Catapult Group International Ltd (ASX: CAT) today announced the half-year performance for the period ended 31 December 2018. The leading provider of sports performance solution posted group revenue of $43.0 million for the H1 FY19, up by 32% compared to the previous corresponding period.
In the preliminary unaudited H1 FY19 results the company highlighted an increasingly large stream of Annualised Recurring Revenue (ARR) for the core elite business which is trending ahead of the company’s FY19 guidance. This translates a YoY growth of 25% in the H1 FY19 Annualised recurring revenue (ARR) of $57.4 million, up from the company’s FY19 guidance of growth above 20%.
Core Elite’s revenue and underlying EBITDA were $40.3 million and $3.5 million respectively, up by 29% and $3.4 million respectively based on Year-on-Year growth.
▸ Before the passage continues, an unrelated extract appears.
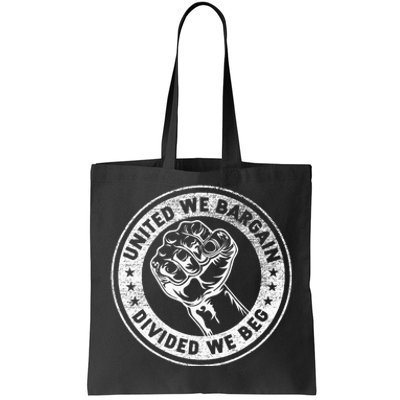 United We Bargain Divided We Beg Worker Fist Labor Protest Tote Bag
It marks significant progress towards Catapult’s FY19 expectation to achieve 17%-20% growth in Elite Core Revenue and between $11 million and $13 million growth in Underlying Core EBITDA.
Commenting on the first half performance Catapult CEO Joe Powell said, “the core elite business continues to grow strongly and is on track to deliver Catapult’s guidance objectives for 2019.”
The positive performance of the group during the first half of FY19 underscores the two significant retail sales periods in the second calendar half that includes Black Friday in November, and the pre- and post-Christmas sales in December. The launch of the PLAYR Smartcoach product for Prosumer soccer players in June 2018 has been the other driving force to the Catapult’s revenue growth during the reporting period.
For its new category, the company witnessed the unit sales growth of 114% to 11.4k with revenue growing to more than double to $2.7 million, an increase of 111%. However, the company believes that it is unlikely to meet its FY19 objective for Prosumer sales volume of 3.5x to 4x growth off an FY18 base of 14k.
Mr. Powell added that Cobalt is seeking opportunities to reduce its cash expenditure for Prosumer and is expected to share the related details in the coming months.
On the clients and subscription front, the company has reported new clients wins over the last six months which took its total client to 2,100 in core elite business. The strong revenue and EBITDA growth in the core elite business were underpinned by the Low churn with 3.5% of elite wearables (EW) subscription units not renewed, significantly down from 8.4% in the previous corresponding period. Catapult told that its elite wearables ARPU increased to $115.9 per month per unit in H1 FY18, up from $106 a year ago. EW revenue, including PlayerTek+, of $19.6 million grew 38% and Elite video revenue grew by 22% to $20.7 million.
However, the company’s gross margin reduced from 78% to 75% reportedly due to changing product revenue mix in the US business. Catapult’s cash at bank at 31 December 2018 was $27.1 million.
By the end of trading session, Catapult’s stock price plunged by 9.09% to trade at $0.800 on 30 January 2019. CAT has witnessed a negative performance change of 55.44% over the past 12 months.